Hi,
On Tue, Jun 30, 2020 at 07:10:06PM +0300, Julian Anastasov wrote:
>
> Hello,
>
> On Tue, 30 Jun 2020, Simon Horman wrote:
>
> > > diff --git a/net/netfilter/ipvs/ip_vs_conn.c
> > > b/net/netfilter/ipvs/ip_vs_conn.c
> > > index 02f2f636798d..b3921ae92740 100644
> > > --- a/net/netfilter/ipvs/ip_vs_conn.c
> > > +++ b/net/netfilter/ipvs/ip_vs_conn.c
>
> > > @@ -827,14 +852,17 @@ static void ip_vs_conn_expire(struct timer_list *t)
> > >
> > > /* does anybody control me? */
> > > if (ct) {
> > > + bool has_ref = !cp->timeout && __ip_vs_conn_get(ct);
> > > +
> > > ip_vs_control_del(cp);
> > > /* Drop CTL or non-assured TPL if not used anymore */
> > > - if (!cp->timeout && !atomic_read(&ct->n_control) &&
> > > + if (has_ref && !atomic_read(&ct->n_control) &&
> > > (!(ct->flags & IP_VS_CONN_F_TEMPLATE) ||
> > > !(ct->state & IP_VS_CTPL_S_ASSURED))) {
> > > IP_VS_DBG(4, "drop controlling connection\n");
> > > - ct->timeout = 0;
> > > - ip_vs_conn_expire_now(ct);
> > > + ip_vs_conn_del_put(ct);
> >
> > Previously this code did not put the ct, now it does.
> > Is that intentional.
>
> Yes, as ip_vs_conn_expire() now can be called both in
> timer and process context we need a reference for ct while
> calling del_timer() in ip_vs_conn_del_put(). As ct->n_control
> is 0 after our ip_vs_control_del(), ct can be expired by
> timer while we are trying to del it here.
>
> > > @@ -1341,19 +1368,15 @@ static void ip_vs_conn_flush(struct netns_ipvs
> > > *ipvs)
> > > hlist_for_each_entry_rcu(cp, &ip_vs_conn_tab[idx], c_list) {
> > > if (cp->ipvs != ipvs)
> > > continue;
> > > - /* As timers are expired in LIFO order, restart
> > > - * the timer of controlling connection first, so
> > > - * that it is expired after us.
> > > - */
> > > + if (atomic_read(&cp->n_control))
> > > + continue;
> > > cp_c = cp->control;
> > > - /* cp->control is valid only with reference to cp */
> > > - if (cp_c && __ip_vs_conn_get(cp)) {
> > > + IP_VS_DBG(4, "del connection\n");
> > > + ip_vs_conn_del(cp);
> > > + if (cp_c && !atomic_read(&cp_c->n_control)) {
> > > IP_VS_DBG(4, "del controlling connection\n");
> > > - ip_vs_conn_expire_now(cp_c);
> > > - __ip_vs_conn_put(cp);
> > > + ip_vs_conn_del(cp_c);
> >
> > Conversely, previously this code put the ct, now it doesn't.

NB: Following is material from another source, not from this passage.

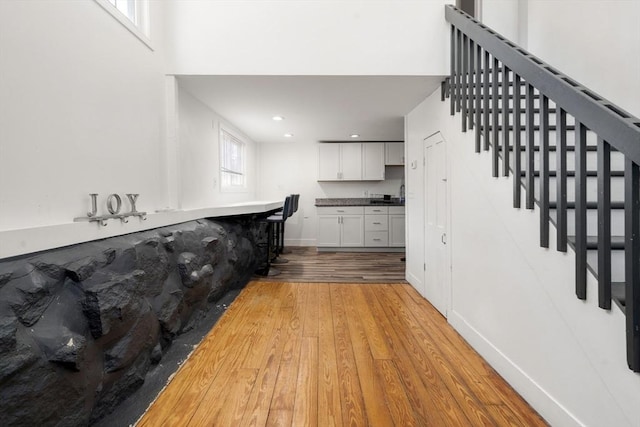 101 Old Westport Rd, Dartmouth, MA 02747 - bar area featuring light wood finished floors, stairway, and recessed lighting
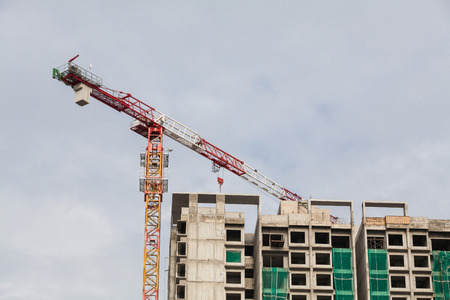 Construction site view of crane, lift, metal beam, brick, metal ladder and concreteの写真素材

> > Is that also intentional?
>
> Now we do not get reference to cp because in RCU
> section the cp structure can not go away. So, we have an
> implicit reference to cp. Same for its cp->control (ct).

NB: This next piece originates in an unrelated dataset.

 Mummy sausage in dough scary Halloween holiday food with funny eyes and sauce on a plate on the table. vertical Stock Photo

> The conn structures are freed later in RCU callback.
>
> In this case we may run del_timer() after
> another CPU, eg. after ip_vs_conn_expire() was already
> called after timer expire or after ip_vs_conn_del*(). But
> for us del_timer will not succeed.
Thanks for the explanation. This now looks good to me.
Reviewed-by: Simon Horman <horms@xxxxxxxxxxxx>
Pablo, could you consider applying this to nf-next?
|